Suzanne Tylko, a senior engineer with Transport Canada, conducted a crash test in 2010 that concluded the high-back padded seats in school buses are not enough to keep kids safe in the event of a side-impact crash. Those tests results were never released publicly. (CBC)

The Fifth Estate spent several weeks compiling and reviewing numerous studies from across North America prepared by academics and test crash facilities, examining computer modelling and interviewing safety experts and scientists.  

The research showed repeatedly that seatbelts would have prevented numerous serious injuries and deaths in school buses.

In the United States, such findings have already gained widespread acceptance. Safety organizations like the National Transportation Safety Board and the National Safety Council are now unequivocal that seatbelts on school buses save lives and prevent injuries.

In a speech in 2015, the head of the U.S. equivalent of Transport Canada — the National Highway Traffic Safety Administration — put it bluntly.

"There is no question that seatbelts offer improved safety. Seatbelts [on school buses] will save the lives of children who we might otherwise lose in crashes," Mark Rosekind said.

'Tired of the misinformation'

For parents of children who were injured or killed, that recognition had been a long time coming.

"We are tired of the misinformation," Steve Forman, a Texas father whose daughter was badly injured in a fatal 2008 bus accident, told The Fifth Estate.

Brad Brown, left, and Steve Forman fought for a decade to get seat belts installed in buses. Texas is now one of eight states that have mandatory seat belt legislation for school buses. (CBC)

Forman and Brad Brown, another parent who lost his daughter in the same bus crash, have campaigned for years for seatbelts on school buses, coming up against an unexpected opponent — Transport Canada and a promotional video based on its 1984 study.

Forman believes the Transport Canada study was rigged to favour a no-seatbelt agenda from the beginning. "Oh yeah. Absolutely," he said.

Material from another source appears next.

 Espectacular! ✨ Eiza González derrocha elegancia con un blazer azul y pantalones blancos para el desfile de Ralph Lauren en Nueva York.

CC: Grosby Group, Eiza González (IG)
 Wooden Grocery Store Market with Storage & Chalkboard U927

The Transport Canada test crash film claimed that a system called compartmentalization — the use of high-backed padded seats — was enough to keep children safe. What's more, it said that lap seatbelts might cause "fatal injuries" and should be kept off school buses.

The promotional film said that slow-motion video and test measurements showed the belted dummies experienced a potential "fatal" whiplash as their heads hit the back of the seat in front of them.

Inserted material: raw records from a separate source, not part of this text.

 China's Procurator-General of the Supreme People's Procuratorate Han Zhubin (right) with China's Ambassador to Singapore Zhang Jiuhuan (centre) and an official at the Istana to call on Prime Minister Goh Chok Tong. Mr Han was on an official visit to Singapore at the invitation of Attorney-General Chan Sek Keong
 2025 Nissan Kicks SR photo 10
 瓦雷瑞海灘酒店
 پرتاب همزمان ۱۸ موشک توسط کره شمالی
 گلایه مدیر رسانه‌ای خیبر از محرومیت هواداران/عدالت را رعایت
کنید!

The study was soon quoted in numerous industry and academic papers across North America.

No tests for side-impact crashes and rollovers

Still, a close examination of that study shows that Transport Canada never tested side-impact crashes or rollovers, where most serious injuries and death occur.

Nor were any of the dummies fitted with three-point lap and shoulder belts, already proven to prevent ejection and injuries in cars.

A scathing 1985 review by University of Michigan researchers dismissed the study as "exaggerated" and said that its conclusions were invalid.

Jenny Noble,17, was sitting behind Clark on the school bus that was hit by the gravel truck in rural Alberta 10 years ago. She died instantly after being ejected from the bus. (Submitted by Donna Noble)

Researcher Kathleen Weber wrote that the dummies with lap belts did not experience fatal injuries, as Transport Canada had said. Weber also pointed out that child dummies seen in the film were not hooked up to monitors, meaning no conclusions could be made about their injuries.

As for the unbelted adult dummies, the University of Michigan researchers say they received greater injuries than the belted ones, contrary to what Transport Canada said.

"The unrestrained dummies hit the top of the seat backs with their necks," the researchers said, noting Transport Canada failed to properly measure those injuries or account for them in their conclusions.

The University of Michigan critique concluded that Transport Canada's own data actually "supports the need for occupant restraint on buses."

"No case can be made from the results of this test program that belted children will have an increased likelihood of severe head and neck injuries in frontal crashes," the researchers said.

'Follow the money'

Forman, whose daughter was injured in that Texas bus crash a decade ago, says those anti-seatbelt studies were influenced by factors other than safety.

"When you get into this, you see that the government agencies pick and choose what they want to listen to, what statistics they want to pull from, and frankly we finally got to the point where it's follow the money."

Records obtained by The Fifth Estate show that Transport Canada had initially wanted to put seatbelts on school buses and had even set a date for the rule to take effect in the late 1970s.  

A 1984 Transport Canada crash test concluded that lap belts actually cause injury to school bus passengers in the event of a frontal crash. The test did not consider side-impact crashes or rollovers. (National Film Board of Canada)

But after some "aggressive" lobbying by school bus operators and school boards, the proposed seatbelt law was withdrawn. The top concern: the "cost-benefit ratio due to the low number of accidents involving school buses," according to a 1985 Transport Canada document summarizing the plan to withdraw the seatbelt requirement on school buses.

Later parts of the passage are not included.